L’assassino ha scontato 12 anni

«I primi giorni non capivo se era successo davvero o se era tutto un film. Chi non ha mai vissuto una cosa del genere non può capire. Poi è iniziato l’iter giudiziario. Ai tempi c’era ancora lo sconto di pena: lui, avendo confessato, fu condannato prima a 18 anni e 9 mesi, poi scesi a 15. Ma ne sconterà solo 12: dal 2019 è libero. Gli amici mi mandavano foto di lui in centro a Ferrara a fare aperitivo. Avrei potuto incontrarlo anche io. Erano passati solo 12 anni. Poi è tornato a Londra».

Ereditò la casa dove l’aveva uccisa

La vicenda giudiziaria ha richiesto uno «sforzo economico inimmaginabile. Ed è anche su questo che vorrei porre l’attenzione, perché non se ne parla. Io e la mia famiglia ci siamo fatti carico di tutte le spese. Il risarcimento? Mai avuto un euro. E se uno non può permettersi di pagare gli avvocati? Cosa fa?». Per non parlare della situazione paradossale per cui «l’assassino di mia sorella ereditò i suoi beni, venne designato come erede. Tanto che poco prima del funerale mia sorella si recò a casa di Oletta per prendere alcuni vestiti. Un carabiniere le disse: fai in fretta, ricordati che questa è diventata casa di lui. Ci sono voluti anni anche per togliere l’eredità all’assassino». «È stato un percorso infinito. Giravo per la strada e piangevo, sentivo come un qualcosa che esplodeva dentro. La battaglia legale ci ha stravolto. E allora mi son promesso di fare qualcosa per sensibilizzare le persone. Io sono convinto che la gente debba sapere queste cose, l’incubo è anche giudiziario» ha concluso tra gli applausi Delio Barone.

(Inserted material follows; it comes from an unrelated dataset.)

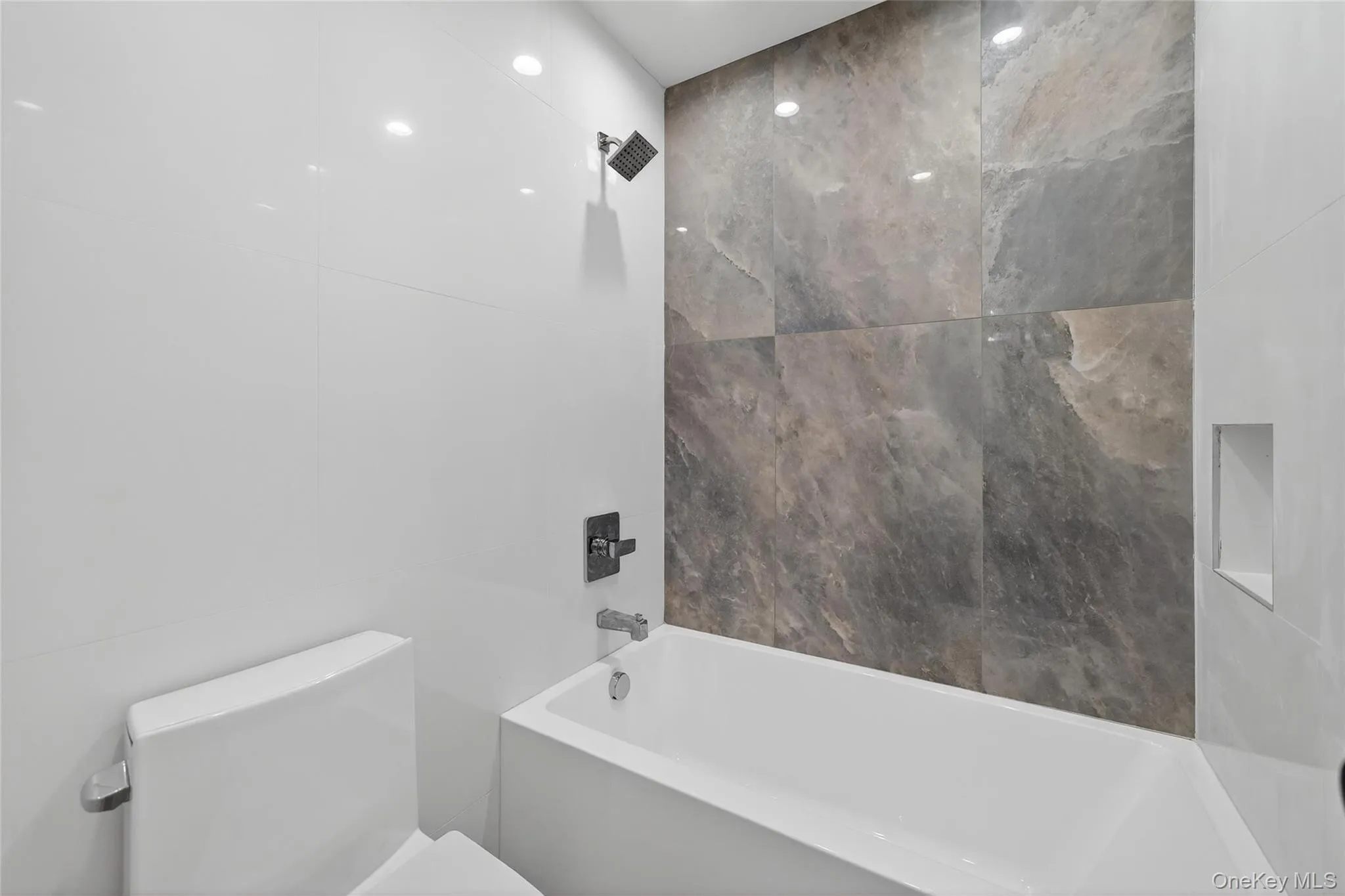 Bathroom featuring shower / bath combination and toilet Bathroom featuring shower / bath combination and toilet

Durante la seduta del Consiglio è stato proiettato anche il cortometraggio dedicato al tema della violenza di genere “Conciliare stanca”, alla presenza dell’autore Francesco Zarzana, a cui sono seguiti gli interventi della psicologa Mara Fantinati e del procuratore del Tribunale per i minorenni di Bologna Giuseppe di Giorgio. Non sono mancate le parole del sindaco Massimo Mezzetti.

«Alla violenza fisica, dai femminicidi agli stupri, si affiancano altre forme che non dobbiamo mai sottovalutare e che non sono per forza alternative, a volte anche complementari: la violenza economica, quella verbale, quella psicologica, quella sui social ormai fuori controllo. Sono tutte tessere di un mosaico che va chiamato con il suo nome: patriarcato. A noi uomini piace poco dire questa parola, quasi le preferiamo maschilismo. Insomma meno impegnative del riconoscere quella stratificazione culturale, educativa, che nei secoli ha messo la donna in condizione di inferiorità e sottomissione all'uomo».